- **What to produce**: For this exercise, restate word for word only the lines from the one containing "Paraphotistus impressus" through the last line below. Pictures do not get copied.

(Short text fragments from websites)

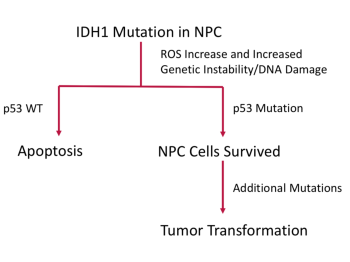 Diagram showing the possible paths an IDH mutation in NPCs can take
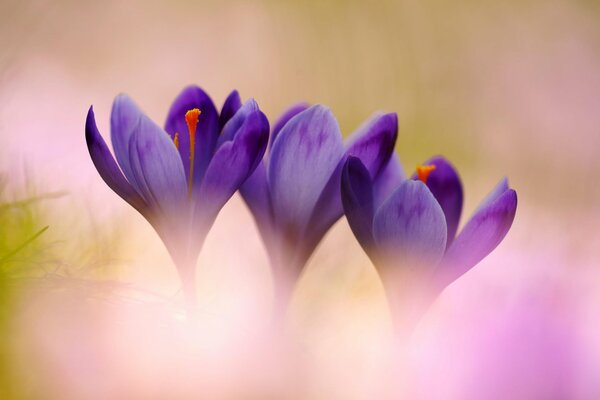 Primule lilla al mattino di primavera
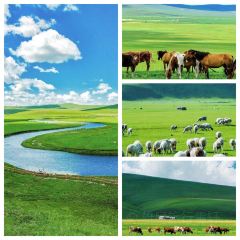 AO LU GU YA User Photo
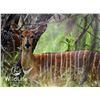 Image 1 : 0.1 Nyala Yearling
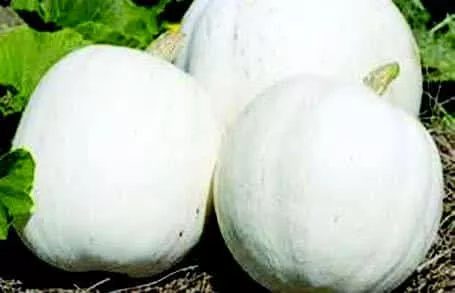 casper-pumpkin-seeds Casper Pumpkin Seeds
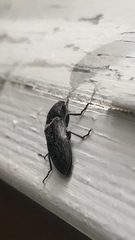 Paraphotistus impressus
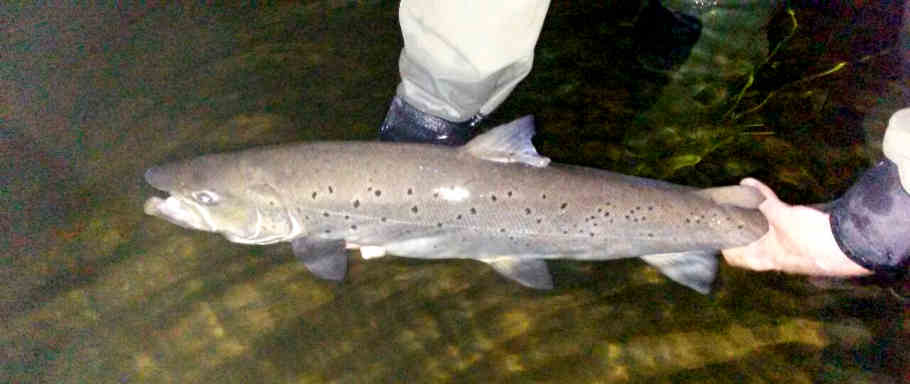 Caught a dozen Rainbow trout on in-line spinners yesterday out of a creek  in NJ. All the Rainbow trout measured between 10-12 inches, (average size  for NJ stocked trout) but it was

- **Answer for this exercise**:
 Paraphotistus impressus
 Caught a dozen Rainbow trout on in-line spinners yesterday out of a creek  in NJ. All the Rainbow trout measured between 10-12 inches, (average size  for NJ stocked trout) but it was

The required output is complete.